Task statement. Output a faithful copy of the entries, every picture removed.

Supplied data.
----

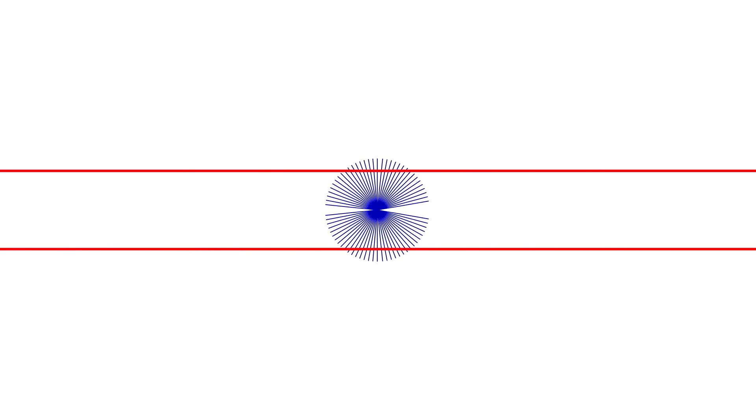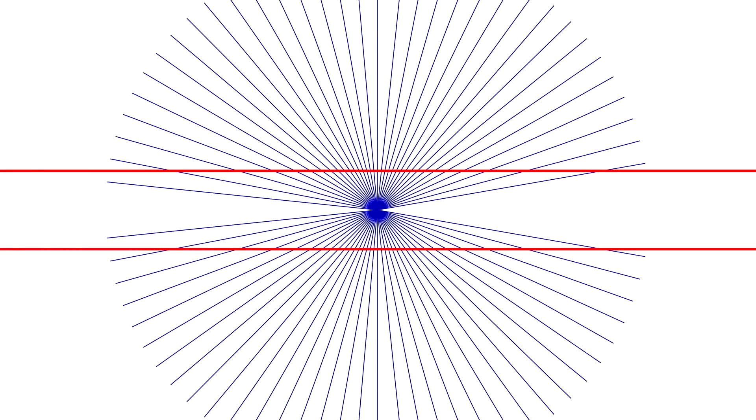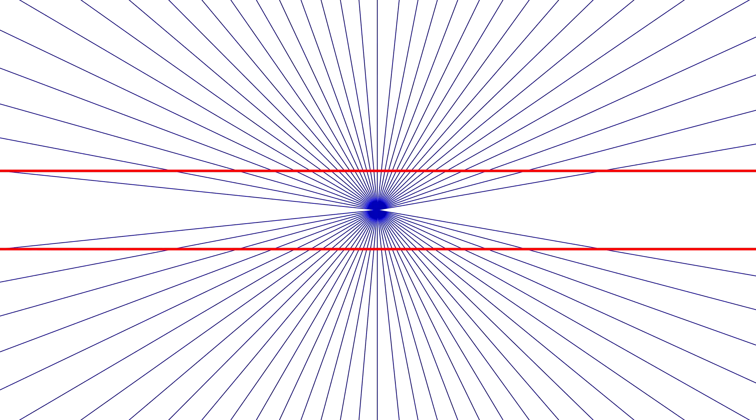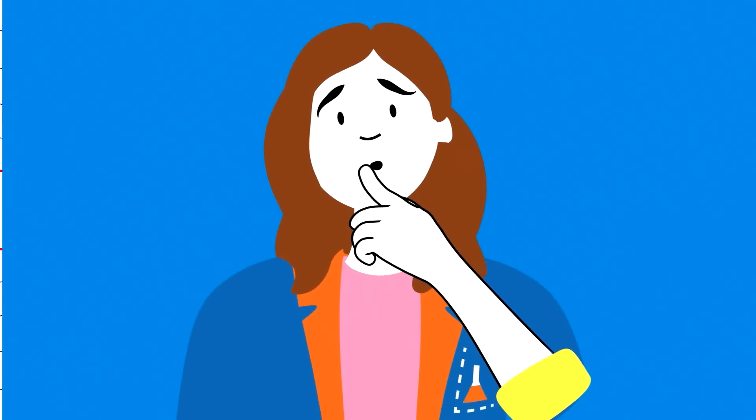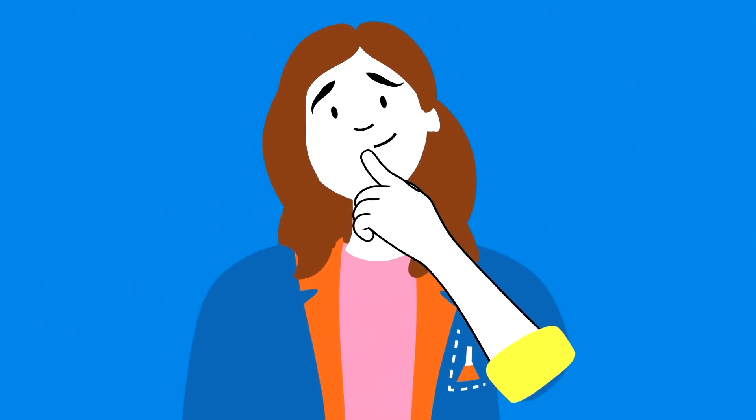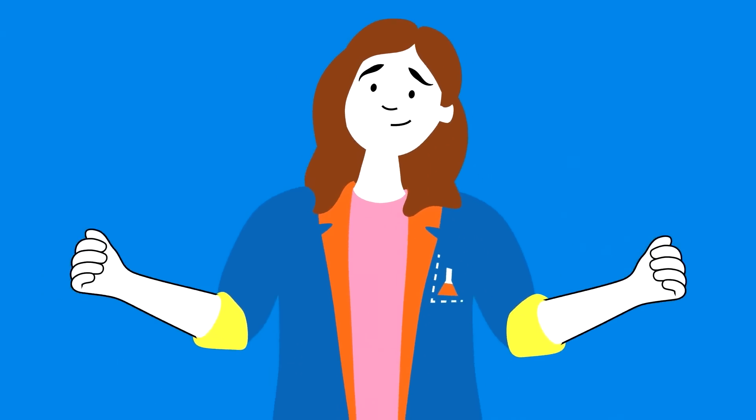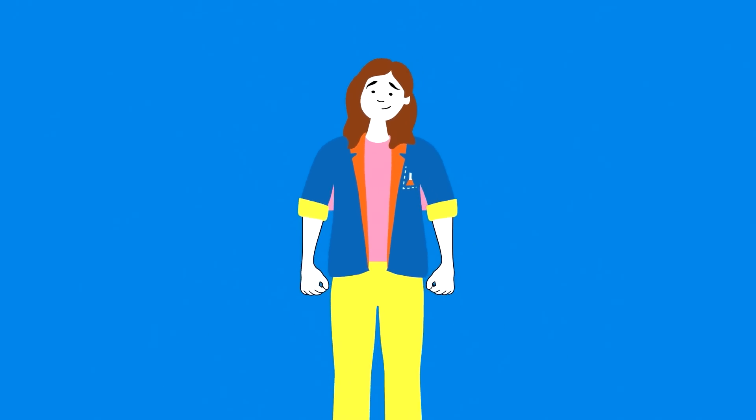See these parallel lines? Look again, because suddenly they're not parallel at all. Of course, we know the lines are actually straight, but the background pattern tricks your brain into thinking they're curved. So it's true, you can't believe everything you see.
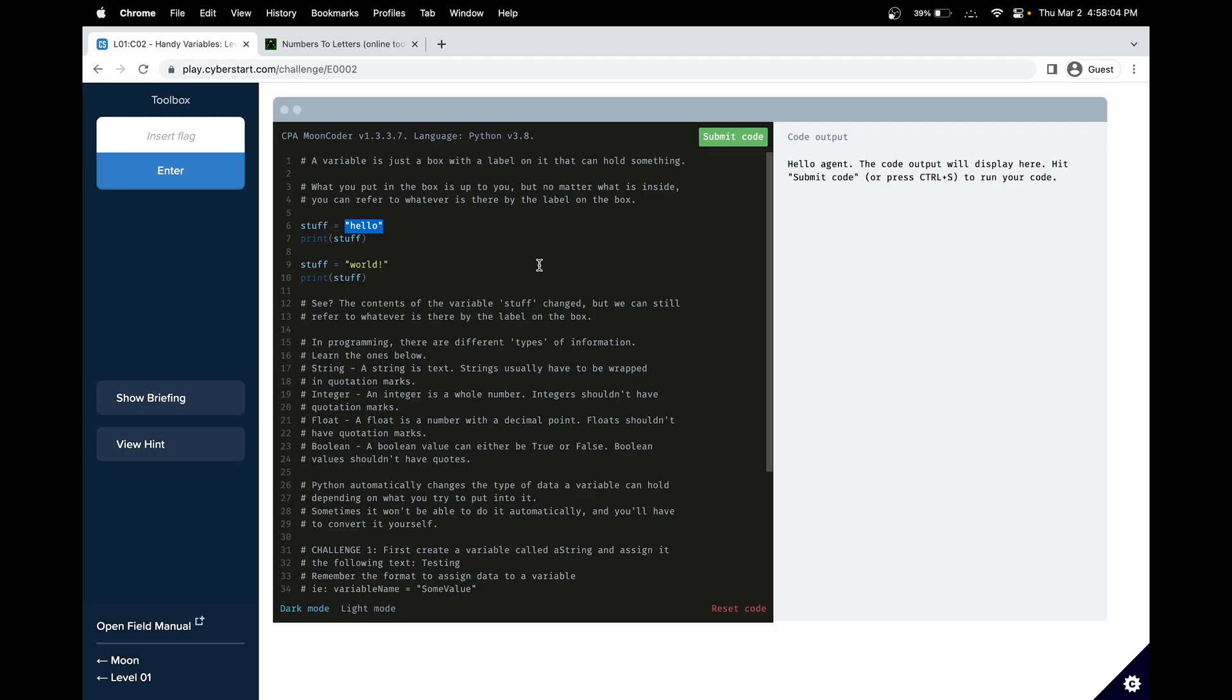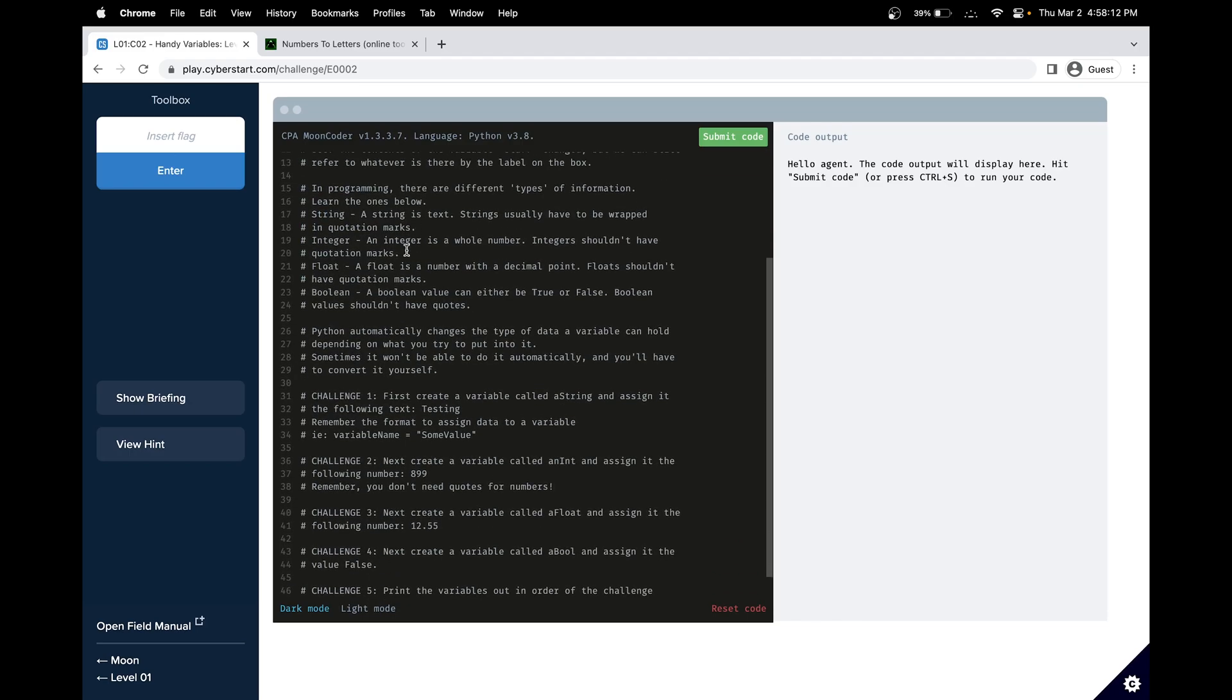So the basic syntax is, this is the name of the variable, and the equal sign sets it equal to a data type. So this is a string. And we can also use integers, which are whole numbers, floats, which are numbers with decimal points, and booleans, which only have two values, true or false.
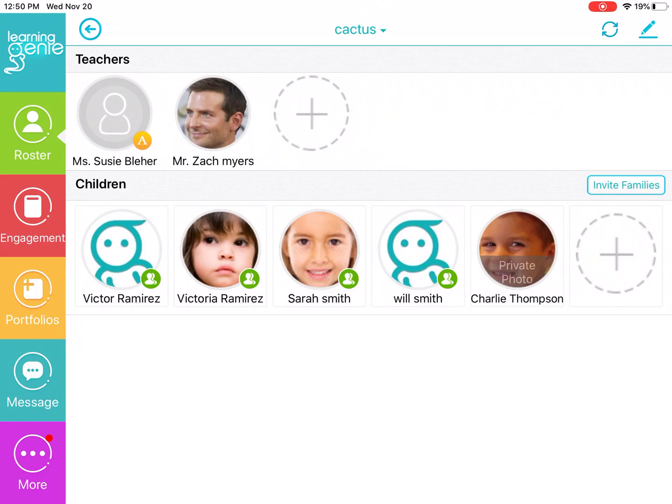Hi everyone, welcome back to our channel. Today we will be going over how to review in-kind submissions from families.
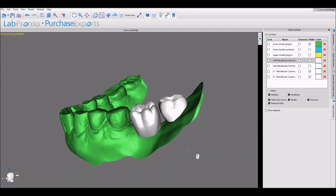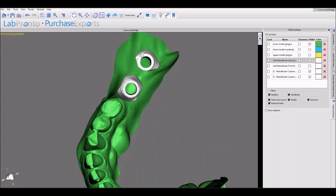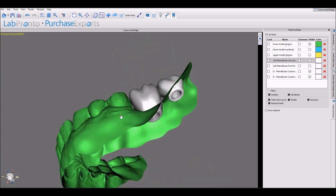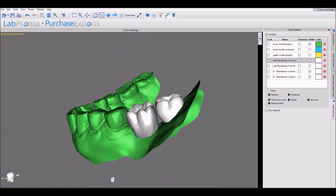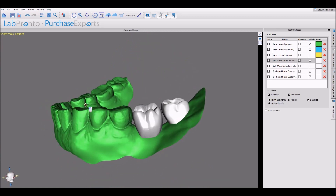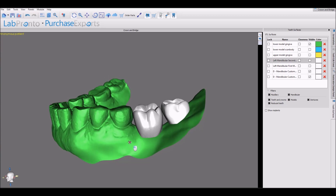In a previous video we showed how we designed crowns for titanium basins. Now let's take a look at what the process would be if we want to convert these into a bridge.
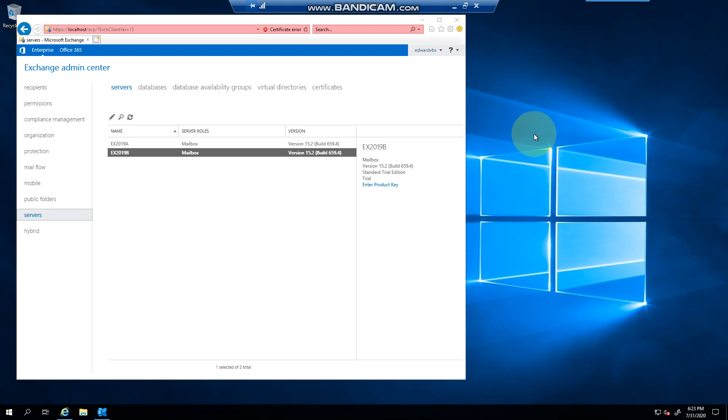Hello everyone, welcome to another Exchange 2019 video. My name is Ed and in this video I want to talk to you about Outlook Anywhere. Yes, in Exchange 2019 you still have Outlook Anywhere. Now you're wondering why am I not talking about MAPI over HTTP, and I will do so in another video.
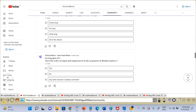Hi friends, welcome back. In this video, we are going to cover answers for the Verilog quiz which were posted in the community tab of VLSI Excellence YouTube channel. So now let's get started.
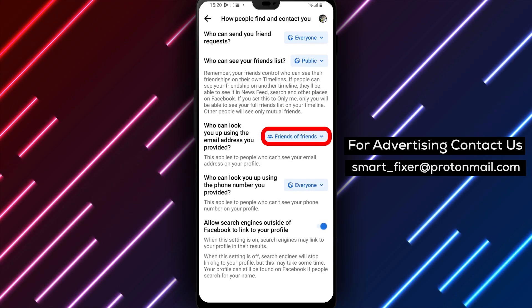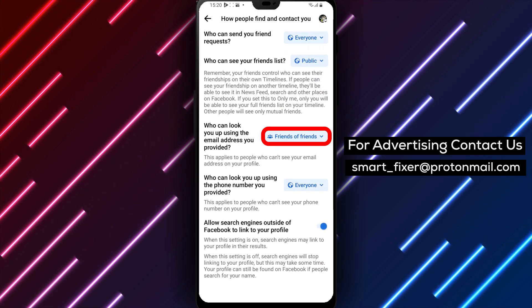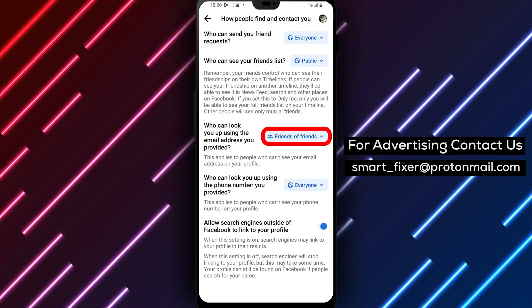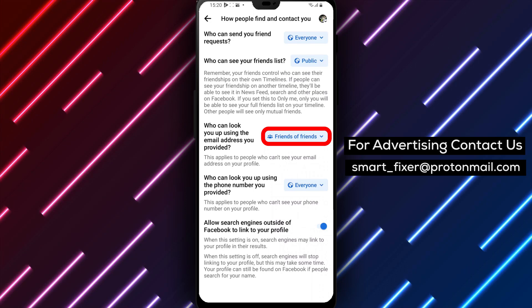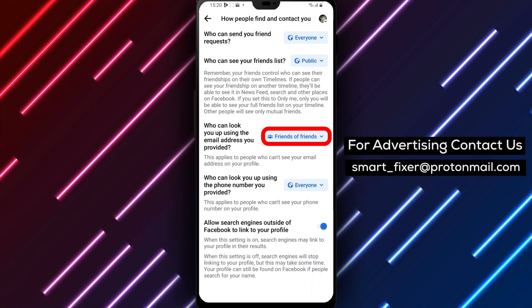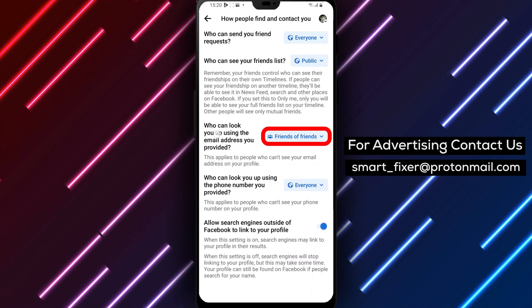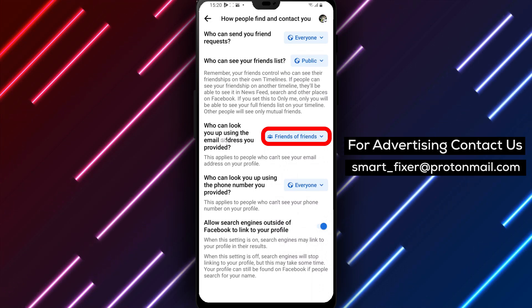Step 6. In the next screen, locate the option "Who Can Look You Up With The Email Address Provided" and tap on it.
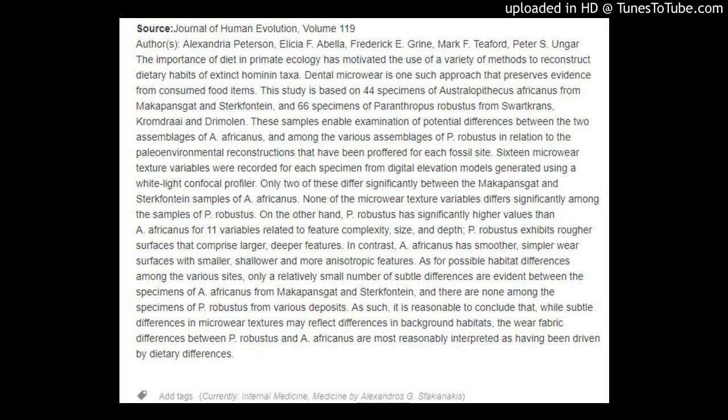On the other hand, P. robustus has significantly higher values than A. africanus for 11 variables related to feature complexity, size, and depth. P. robustus exhibits rougher surfaces that comprise larger, deeper features. In contrast, A. africanus has smoother, simpler wear surfaces with smaller, shallower, and more anisotropic features. As for possible habitat differences among the various sites, only a relatively small number of subtle differences are evident between the specimens of A. africanus from Makapansgat and Sterkfontein, and there are none among the specimens of P. robustus from various deposits.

----

Output of the exercise.
See these parallel lines? Look again, because suddenly they're not parallel at all. Of course, we know the lines are actually straight, but the background pattern tricks your brain into thinking they're curved. So it's true, you can't believe everything you see.
So the basic syntax is, this is the name of the variable, and the equal sign sets it equal to a data type. So this is a string. And we can also use integers, which are whole numbers, floats, which are numbers with decimal points, and booleans, which only have two values, true or false.
Hi everyone, welcome back to our channel. Today we will be going over how to review in-kind submissions from families.
In a previous video we showed how we designed crowns for titanium basins. Now let's take a look at what the process would be if we want to convert these into a bridge.
Hello everyone, welcome to another Exchange 2019 video. My name is Ed and in this video I want to talk to you about Outlook Anywhere. Yes, in Exchange 2019 you still have Outlook Anywhere. Now you're wondering why am I not talking about MAPI over HTTP, and I will do so in another video.
Hi friends, welcome back. In this video, we are going to cover answers for the Verilog quiz which were posted in the community tab of VLSI Excellence YouTube channel. So now let's get started.
Step 6. In the next screen, locate the option "Who Can Look You Up With The Email Address Provided" and tap on it.
On the other hand, P. robustus has significantly higher values than A. africanus for 11 variables related to feature complexity, size, and depth. P. robustus exhibits rougher surfaces that comprise larger, deeper features. In contrast, A. africanus has smoother, simpler wear surfaces with smaller, shallower, and more anisotropic features. As for possible habitat differences among the various sites, only a relatively small number of subtle differences are evident between the specimens of A. africanus from Makapansgat and Sterkfontein, and there are none among the specimens of P. robustus from various deposits.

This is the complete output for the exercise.